Wednesday, July 29, 2009

Update from the Wednesday Keynote

Today's keynote by Bill Dally was, in many ways, distinctly different from yesterdays in that it got down and dirty with technical specifics from the very first slide and stayed that way throughout the end. I'm not sure if everyone in the audience liked it, but I for one, had a great time.

Bill Dally's argument basically came down to the following - current general purpose processor architects are in a state of denial - denial about the fact that (1) in the absence of frequency scaling, performance can only be extracted by explicitly parallel architectures; and (2) power efficiency can only be obtained by locality-aware distributed on-chip memories, as opposed to flat cache hierarchies.

Both arguments were well motivated. From a parallelism perspective, Prof. Dally had a nice plot that showed that improvements in processor throughput have traditionally been driven by three factors - improvement in gate delay, improvement in clock frequency by deeper pipelining and architectural innovations that make use of the additional transistors available in every technology generation. Till 2001, this led to a 52% performance improvement every generation.

Here's the problem though - increasing clock frequency is no longer possible and extracting parallelism using single core superscalar out-of-order processors is running out of steam. In effect, all we're left with is the improvement in gate delay from technology scaling, which gives us only 20% improvement in performance every technology generation!! Explicit parallelism is the only way to get us back on the 52% performance gain per generation.

From a power efficiency stand-point, moving data even 1 mm across a chip apparently requires many times more energy than the floating point operation that produced the data. Spatial locality is therefore the key to energy efficiency, making it imperative to store data close to where it is produced. This provides the motivation for distributed caches across a chip, as opposed to a single big one.

All of this points the way to the kind of massively parallel GPU systems that NVIDIA produces as the platform of choice for the future - I would have been surprised if the VP of NVIDIA came up with any other conclusion (not that I disagree entirely with the conclusion)! Now I have a few quibbles with the argument that Prof. Dally presented, chiefly that he really only compared large unicore systems (from way back when) with massively parallel GPUs, but not really with the 4 or 8 core systems that Intel or AMD sell.
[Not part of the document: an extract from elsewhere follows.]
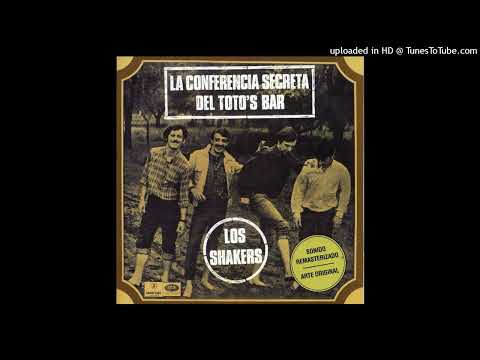 LOS SHAKERS 1967  La Conferencia Secreta Del Toto´s bar (full album)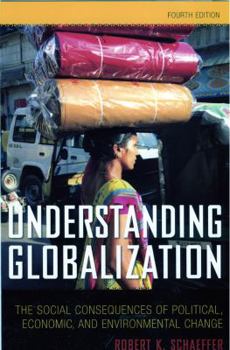 Paperback Understanding Globalization: The Social Consequences of Political, Economic, and Environmental Change Book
Also, exposing parallelism to the programmer as opposed to having the h/w extract it brings to the front questions about how it will effect programmer efficiency and the time required to debug and verify parallel programs. I'm not a s/w guy, but I imagine parallel are significantly more complicated to debug/verify than single threaded ones.

What was really nice is that talk focused also on the synergestic relationship between EDA and the types of massively parallel platforms that were described, i.e., how is EDA benefited by such architectures and what can EDA tools/vendors do toaid the design of such systems.

A number of companies exhibiting at DAC have already embraced the former by offering EDA tools that have been architected for parallel execution. With regards to what EDA tools can do for NVIDIA GPUs, Prof. Dally pointed towards the need for tools that provide accurate power estimates at early stages in the design process and in general, the need for more sophisticated low power design methodologies.

All in all, it was an hour well spent!

1 comment:

  1. I think Siddarth has done a great job of summarizing Bill's talk.

    However, a major point that Bill was trying to make, from a programmer’s perspective, may not have been emphasized enough.

    I think Bill was also emphasizing that the old machine abstraction presented to the programmer, that of a flat memory and a single execution thread, has to change. Bill argued that maintenance of the abstraction has become too power inefficient. He points to, for example, the relatively large amount of power consumed by a chip’s wires, in moving data intra-chip, compared with the power consumed by the destination points for such wires (e.g., an ALU). Bill also points out that the cache mechanism, a major way to support the illusion of flat memory, is highly power inefficient.

    Bill’s conclusion seems to be that programmer’s must embrace a new machine abstraction that has hierarchical memory (because that is what allows memory to be local to where it is used) and many threads. Bill feels that CUDA provides this kind of model in a programmer-friendly way.